Julian Borrill, co-leader of the Computational Cosmology Center in the Computational Research Division, gave an invited talk at the Numerical Cosmology 2012 conference held July 17-20 in Cambridge, England, and also chaired the session in which the university’s new supercomputer was officially launched.

Professor Stephen Hawking participated in the ceremony inaugurating COSMOS, the most powerful shared-memory supercomputer in Europe. Manufactured by SGI and the first system of its kind, the COSMOS supercomputer is part of the Science and Technology Facilities Council DiRAC High Performance Computing facility, a national service for UK cosmologists, astronomers and particle physicists, as well as non-academic users.

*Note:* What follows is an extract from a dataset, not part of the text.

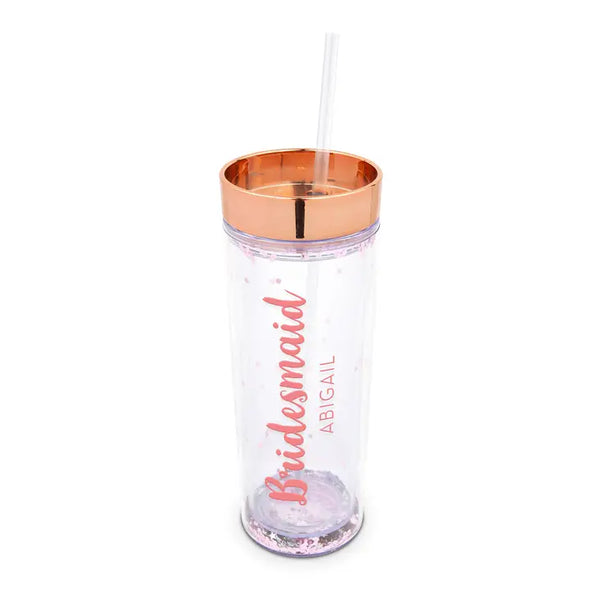 Personalized 17 Oz. Insulated Plastic Drink Tumbler - Retro Luxe Bridesmaid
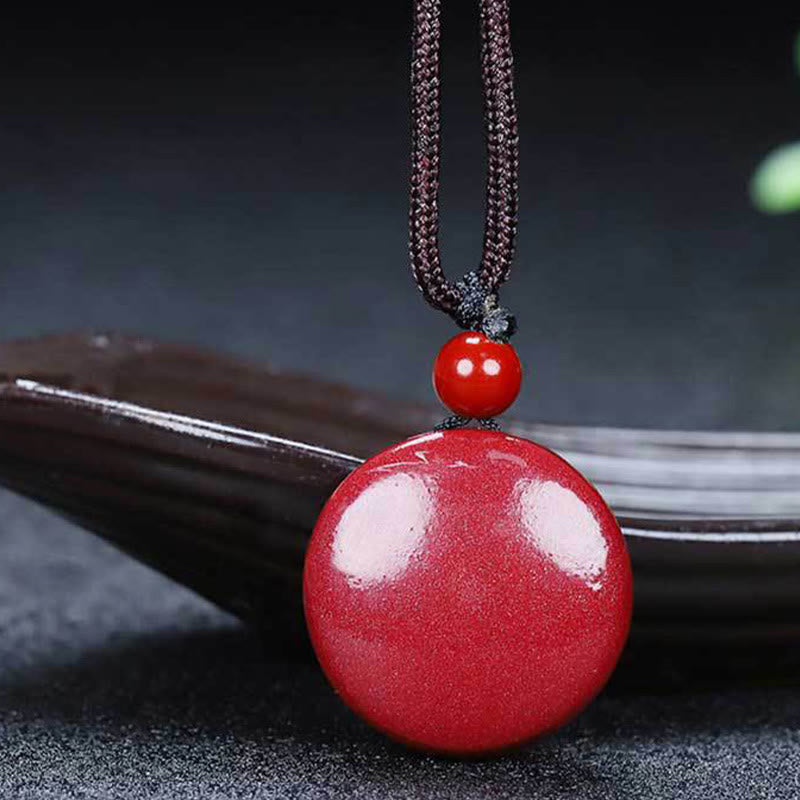 Fortune Jewel Natural Cinnabar Yin Yang Design Braided String Blessing Necklace Pendant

Borrill also gave a talk at the by-invitation-only event, discussing “Big Bang, Big Data, Big Iron.”

For Borrill, it was something of a homecoming. He began studying mathematics at Trinity College, eventually earning a joint degree in math and political science. His concern for social issues then led him into working in child care and union organizing. While working for a union, he would take in lectures by Hawking over lunch. The lecture series formed the basis for the book, “A Brief History of Time,” which Borrill rates as “great lectures, unreadable book.”

But the lectures did inspire him to return to academia to study science, and eventually cosmology. Borrill went on to earn master’s degrees in astrophysics and IT from Queen Mary College in London and a Ph.D. in theoretical physics from the University of Sussex.

So what happens when you invite the world’s most famous physicist to a virtual ribbon-cutting ceremony? “We had much better cakes and cookies at tea that afternoon,” Borrill said.